The function readdirSync returns folder that was already deleted.
steps to reproduce:
var fs = require('fs');
var res = ;
res.push(fs.readdirSync('app/')); // read subfolders - returns ['view'] array
res.push(fs.rmdirSync('app/view/')); // remove 'view' folder
res.push(fs.readdirSync('app/')); // read subfolders - returns ['view'] array instead of empty one
[ [ 'view' ], undefined,  ]
[ [ 'view' ], undefined, [ 'view' ] ]
Do you have a virus scanner or other software installed that hooks system calls?
No, just Windows 10 with default Windows Defender. Turning it off doesn't affect the result.
Do you need to open the directory in Windows Explorer to get this result ?
Yes, but it can be any other file manager.
Is the file deleted when you close the file manager? If yes, then it's the file manager that keeps the file alive. Not much node can do about that.
The file is deleted immediately after calling the rmdirSync. Most of the file managers (including Windows Explorer) watch the file system changes. If they find the current folder deleted they go up to the parent folder. It's a common behavior and it's the same as in my case - the file manager goes up to app folder.

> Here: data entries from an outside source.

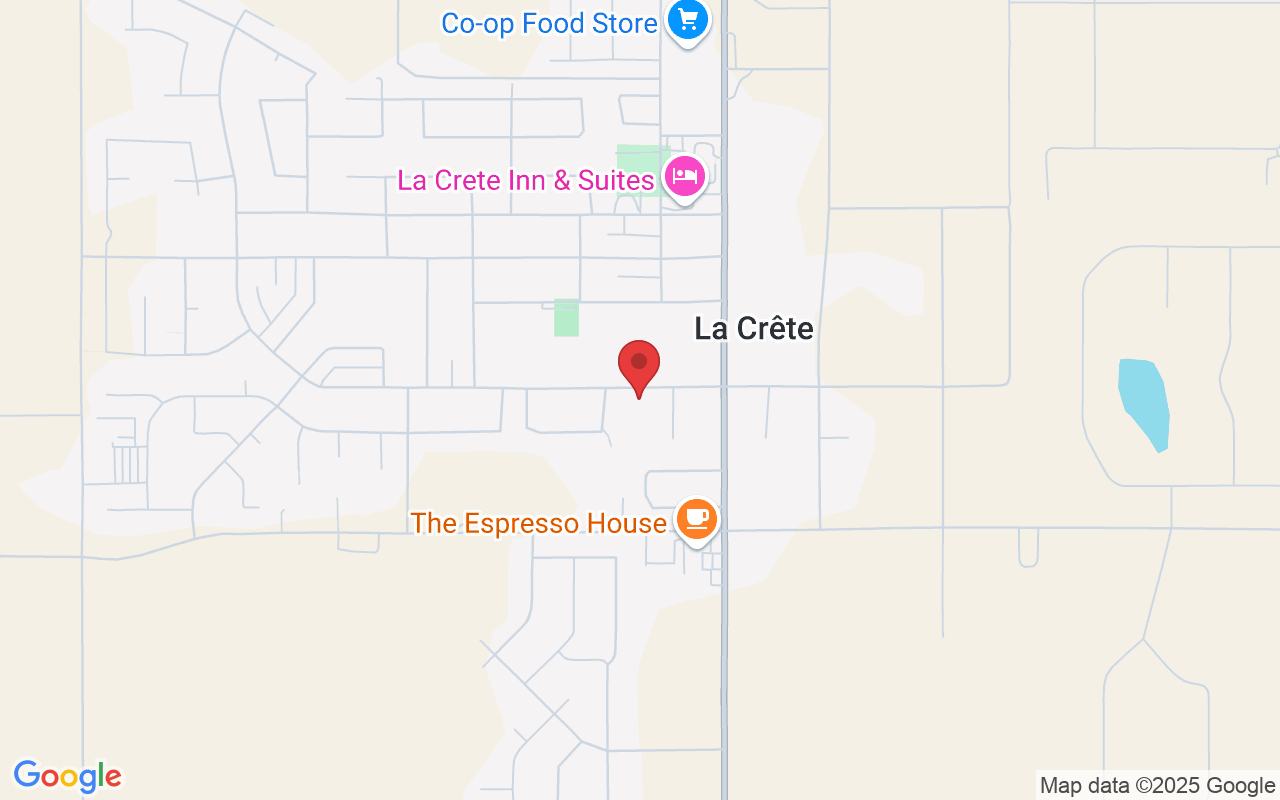 10101 98 Ave, La Crête, AB T0H 2H0, Canada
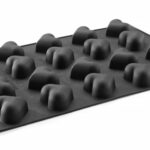 Siliconen bakvorm HEART, HENDI, 570x375x(H)35mm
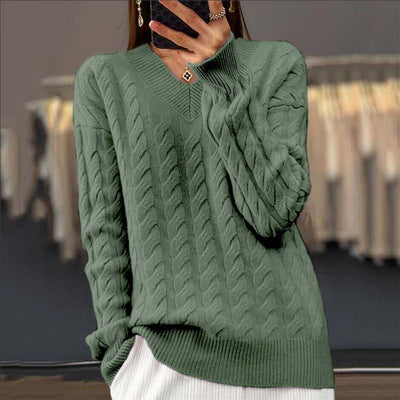 Quinn | Chic Knit Top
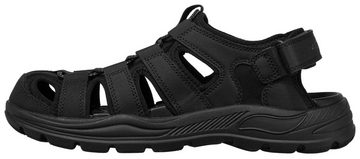 Skechers VERLANDER Sandale, Sommerschuh, Klettschuh, Freizeitsandale, mit Klett an der Ferse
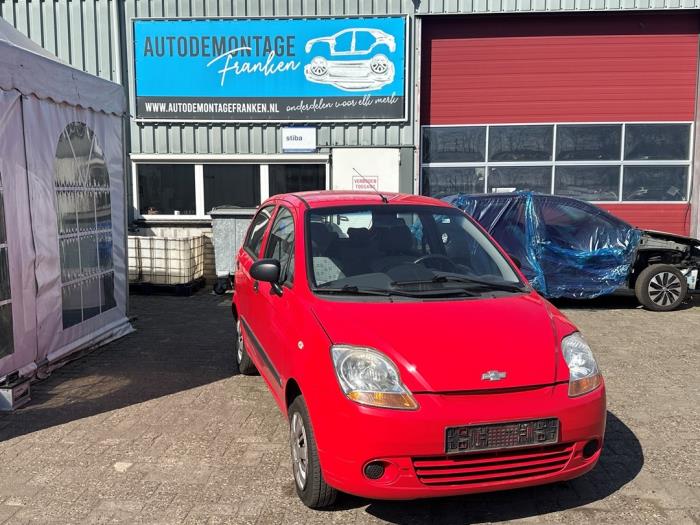 Chevrolet Matiz 0.8 S,SE Sloopvoertuig (2009, Rood)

If you run Command prompt and go to the view folder before running the script, you get the exception:
Error: EBUSY, resource busy or locked 'app\view'
So, if something is holding/locking the folder, you get an exception. If not, shouldn't it wait for the file system since the method is synchronous? (the Sync postfix in the name rmdirSync)
try to use
I can not reproduce it if I use fs.fsyncSync, seems related to libuv and Windows itself.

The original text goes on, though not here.